Interactive Lateral Dynamic Behaviours of Girder and Pedestrians
|Tagung:||Footbridge 2014 - Past, Present & Future, London, 16-18 July 2014|
|Veröffentlicht in:||Footbridge 2014 - Past, Present & Future|
Field measurements were conducted on three bridges to clarify the lateral vibration caused by pedestrians. On the T-bridge the girder lateral displacement was measured during the congested period. It was a clear sinusoidal wave with an amplitude of 8mm and with a frequency of 0.93 Hz, the first symmetric mode. Two pedestrians moved with exactly the same frequency and phase verifying the synchronization theory. On the M-bridge accelerometers were attached to the girder and the pedestrian. This person walked on the bridge in a natural way among other pedestrians. The lateral displacement was a sinusoidal wave with the maximum amplitude of 45 mm and with a frequency of 0.88 Hz, the third asymmetric mode. The pedestrian walks with the same frequency of the girder, and the pedestrian’s phase is between 120 and 160 degrees ahead of the girder.

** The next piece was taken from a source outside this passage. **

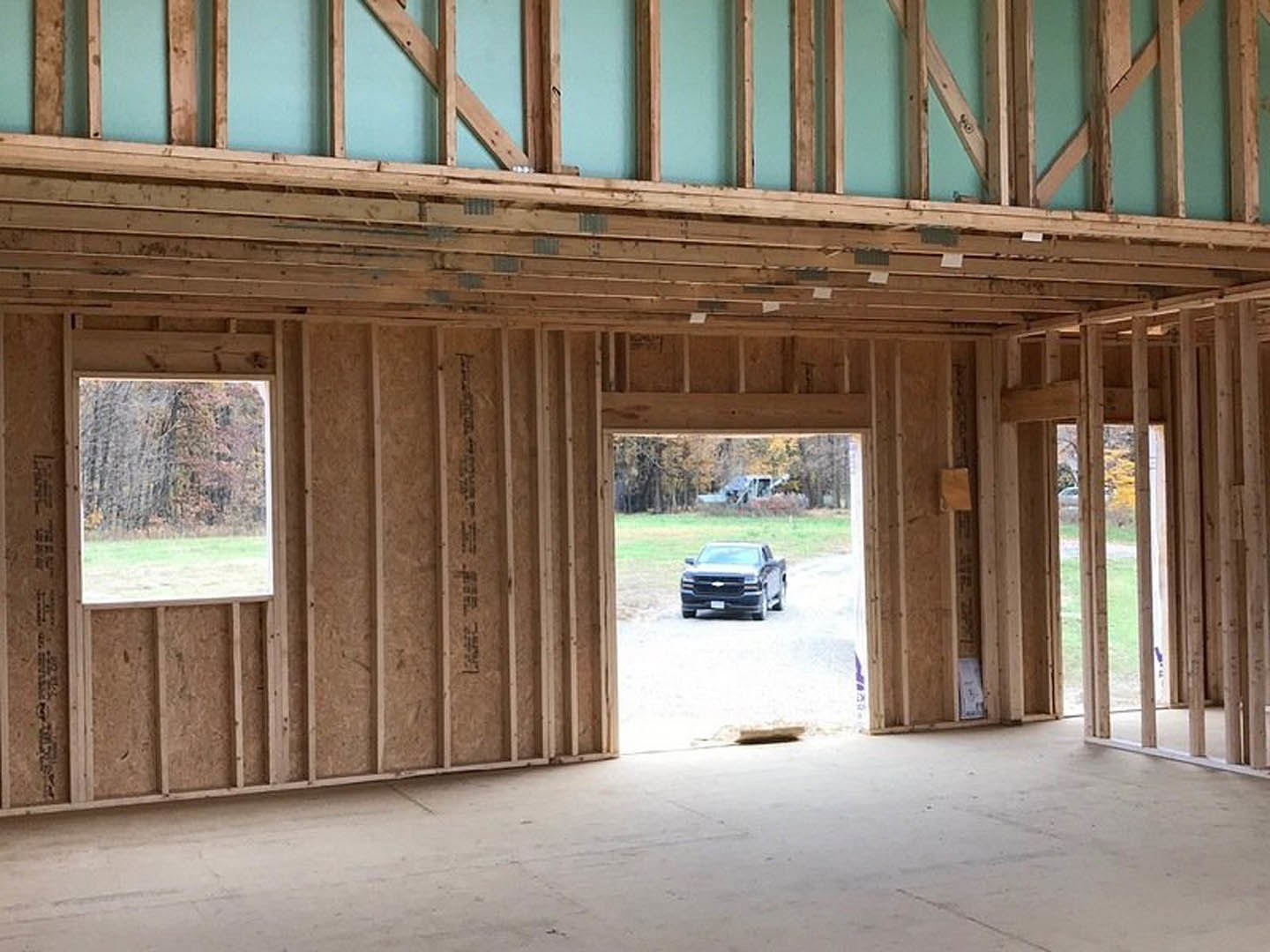 Open-concept interior with exposed wood beams, unfinished concrete floor, large window overlooking trees, and a black truck parked on a dirt road outside.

On the W-bridge a group of about 10 people crossed the bridge in line with the same rhythm of 0.87 Hz and 0.66 Hz, the third asymmetric and the second symmetric lateral mode. The maximum lateral girder response is 55 mm at the span centre at a walking frequency of 0.66 Hz, and the synchronization phenomenon is confirmed. The lateral vibration is associated with the torsional vibration. The amplitude is relatively large with smaller number of pedestrians because this is a forced vibration. The lateral girder response at a walking frequency 0.87 Hz is less than that at 0.66 Hz, indicating that the walking frequency with less than 0.9-1.0 Hz may cause the lateral vibration. Observing the pedestrians’ behaviour on these bridges, the girder amplitude of about 25 mm (equivalent to an acceleration of about 750 mm/s2) would be the serviceability limit for the lateral vibration.